Now that you have JTidy you can use it in different ways.
JTidy Executable
Run java -jar jtidy.jar {options}
to access the JTidy command line interface.
java -jar jtidy.jar -h
will output a short help on JTidy command line with a few examples.
java -jar jtidy.jar -help-config
outputs all the available configuration options and
java -jar jtidy.jar -show-config
the current (default) values.
Ant Task
Detailed instructions on how to use the JTidy ant task can be found in JTidyTask
JavaDoc.
JTidy API
To use JTidy embedded in your program, you best set up a Maven dependency to the official release at maven-central:
<dependency>
<groupId>com.github.jtidy</groupId>
<artifactId>jtidy</artifactId>
<version>1.0.4</version>
</dependency>
If you require a Java-6-compatible version, you can use the back-ported artifact:
<dependency>
<groupId>com.github.jtidy</groupId>
<artifactId>jtidy-java6</artifactId>
<version>1.0.4</version>
</dependency>
The entry point for accessing JTidy functionalities is the org.w3c.tidy.Tidy
class. This is a simple usage example:
Tidy tidy = new Tidy(); // obtain a new Tidy instance
tidy.setXHTML(boolean xhtml); // set desired config options using tidy setters
... // (equivalent to command line options)
tidy.parse(inputStream, System.out); // run tidy, providing an input and output stream
Using parseDOM(java.io.InputStream in, java.io.OutputStream out)
instead of parse()
you will also obtain a DOM
document you can parse and print out later using pprint(org.w3c.dom.Document doc, java.io.OutputStream out)
(note that the JTidy DOM implementation is not fully-featured, and many DOM methods are not supported).
JTidy also provides a MessageListener
interface you can implement to be notified about warnings and errors in your
HTML code. For details on advanced uses refer to the JTidy JavaDoc.
History
JTidy was initially written by Andy Quick.
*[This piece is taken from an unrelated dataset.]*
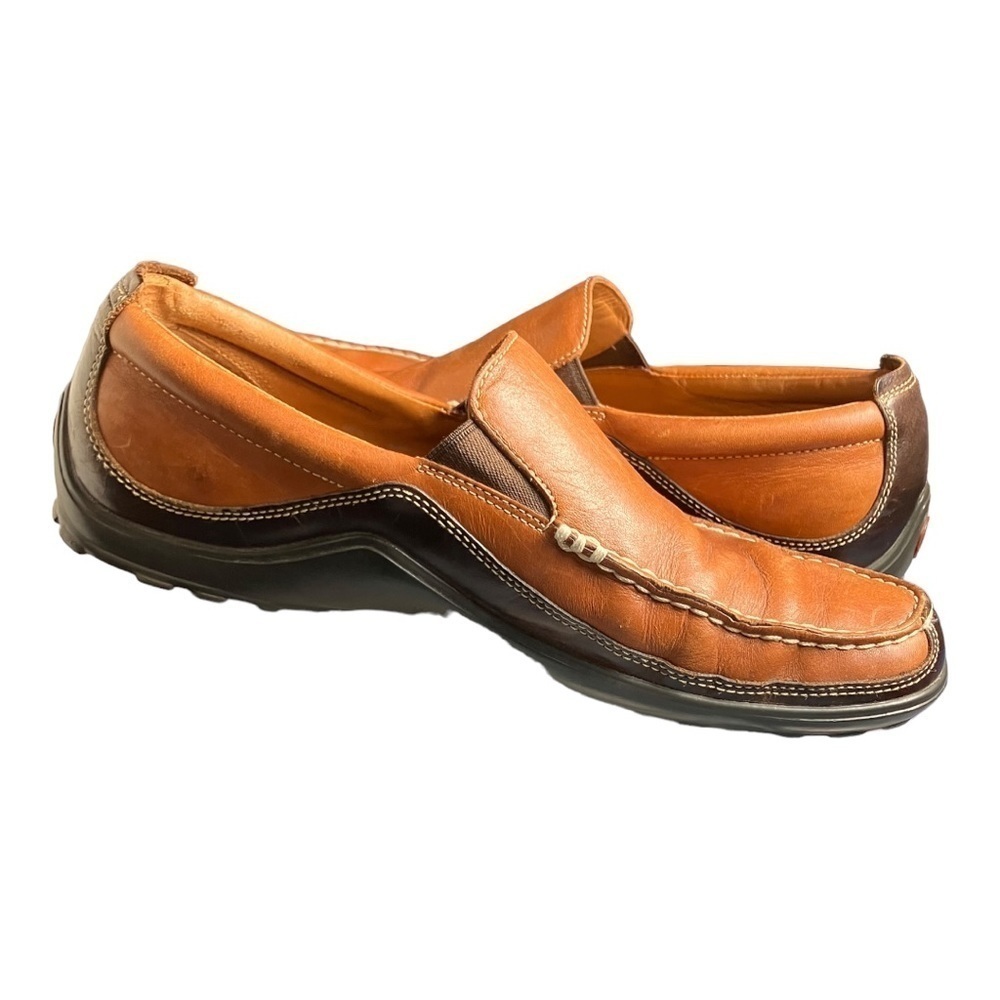 Cole Haan Tucker C03559 Brown Leather Venetian Loafers 10 - Picture 4 of 10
The project has been maintained at sourceforge.net by Fabrizio Giustina from
2004 to 2010. Since the JTidy project on SourceForge.net
seemed to fall into disrepair years ago and had not been updated for years.
A few had forked it on Github.
William L. Thomson Jr. came along and
created a fork of others forks with a tag for his packaging needs as a
dependency for JMeter. Then another came along,
Dell Green who noticed some issues,
tests failing, and undertook fixing both.
Since the code belonged to neither, William decided to create a JTidy
organization and revive the project via community support. Which you
are welcome to join in. Eventually this should become the official new
home for JTidy.
Thanks to all past authors and developers. Those of which who could be
found on Github have been invited to join this project. Along with those
that this repository was forked from.
Contributing
You are welcome to contribute issues and pull-request. Please have a look at the
coding conventions and test cases.
License
This project is licensed under the zlib/libpng license. More information is available in the LICENSE.txt file
Future
The project is looking for new contributors and project maintainers.
Checkout v.Nu validator for a possible modern replacement.